Started with a minor hiccup but I recovered and got it drilled out with damaging the threads in the receiver.

Actually pretty proud of myself. But not enough to ever want to do it again.

Mike
Nice congratulations on your personal victory.

Did same and brought the ring half to a shop that does micro welding.

They welded a dick to the flush piece of screw and than backed it out.

$10 and no pride of self reliance that you earned.
 
Nice congratulations on your personal victory.

Did same and brought the ring half to a shop that does micro welding.

They welded a dick to the flush piece of screw and than backed it out.

$10 and no pride of self reliance that you earned.
I really should have taken it to someone. But I'm off work for the weekend and I figured there wasn't a gunsmith shop open. So I dove in.

I puddled some penetrating oil on it and let that soak in for 30 minutes or so... Not sure it helped but I didn't figure it would hurt.

I pilfered around in all my tools and found a drill bit set I had bought a few years ago... Little tiny carbide drills that are used on printed circuit boards.

Used those to get a hole roughly in the center.
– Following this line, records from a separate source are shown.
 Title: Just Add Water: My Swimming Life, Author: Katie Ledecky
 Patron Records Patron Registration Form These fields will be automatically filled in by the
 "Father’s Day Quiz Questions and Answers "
Then a carbide burr bit to make that a bit bigger. Then just progressively bigger drills till it grabbed hold and spun out the bottom.
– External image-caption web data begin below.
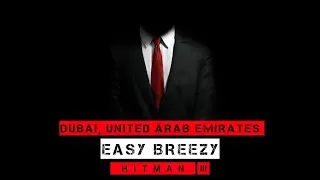 Hitman 3 | Dubai | Easy Breezy | All 6 Window Locations!! | Guide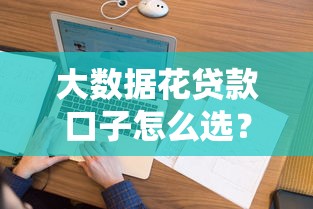 大数据花贷款口子怎么选?实测靠谱平台避坑指南 大数据花贷款口子怎么选?实测靠谱平台避坑指南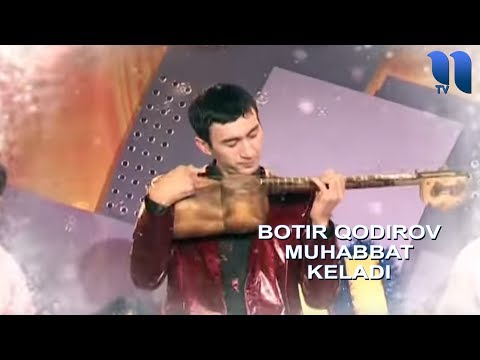 Botir Qodirov - Muhabbat keladi | Ботир Кодиров - Мухаббат келади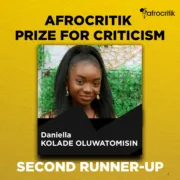 Three Reviews| Daniella Oluwatomisin Kolade| Afrocritik Prize for Criticism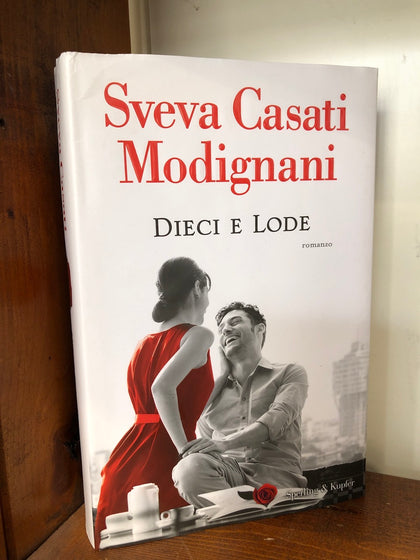 DIECI E LODE - SVEVA CASATI MODIGNANI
I was as nervous as a cat in a roomful of rocking chairs the whole time.

But it's done.

Mike
 
  • Like
Reactions: camocorvette
Put together a nice 30-40 Krag load. Hornady 180gr Round Nose, with H4350, Hornady brass, Fed 210M primer. Groups tightened up nicely at 2100fps. This old rifle is fun to take to the range. Nowadays many people don't even know what it is. :)
 
Turned around some brass from the AR I had set up a few years ago for MR-ART. I haven't used the 550 as an actual 'progressive' ie using the powder thrower, etc. in... forever. This wasn't quite that - still using the two-toolhead approach, but with a powder measure rather than the AT4. Dusted off the APM, set it up for ~25.5 gn H335, dug out an old box of ~52gn BTHPs, and got everything dialed in and knocked out a box (95) for the next range trip.

I've got a dedicated tool head with a simple Redding 2 die set that I've been meaning to get set up for 'bulk' .223 Rem - I've got a metric a$$-load of components that I bought back when Obama got elected the first time that I've been meaning to load up for a rainy day...
 
Finally decided to start wet tumbling brass with pins and Lemishine after resting forever.

Once fired and annealed/deprimed Lake City Long Range brass before and after :

View attachment 8579802

View attachment 8579805

View attachment 8579807

View attachment 8579808

Gonna do a bunch of 1994 M852 Lake City Match tomorrow.

Wet-tumbling makes brass look brand-new for sure... it also destroys your low SDs. Use moderation, how clean and shiny it is matters about as much as how it tastes.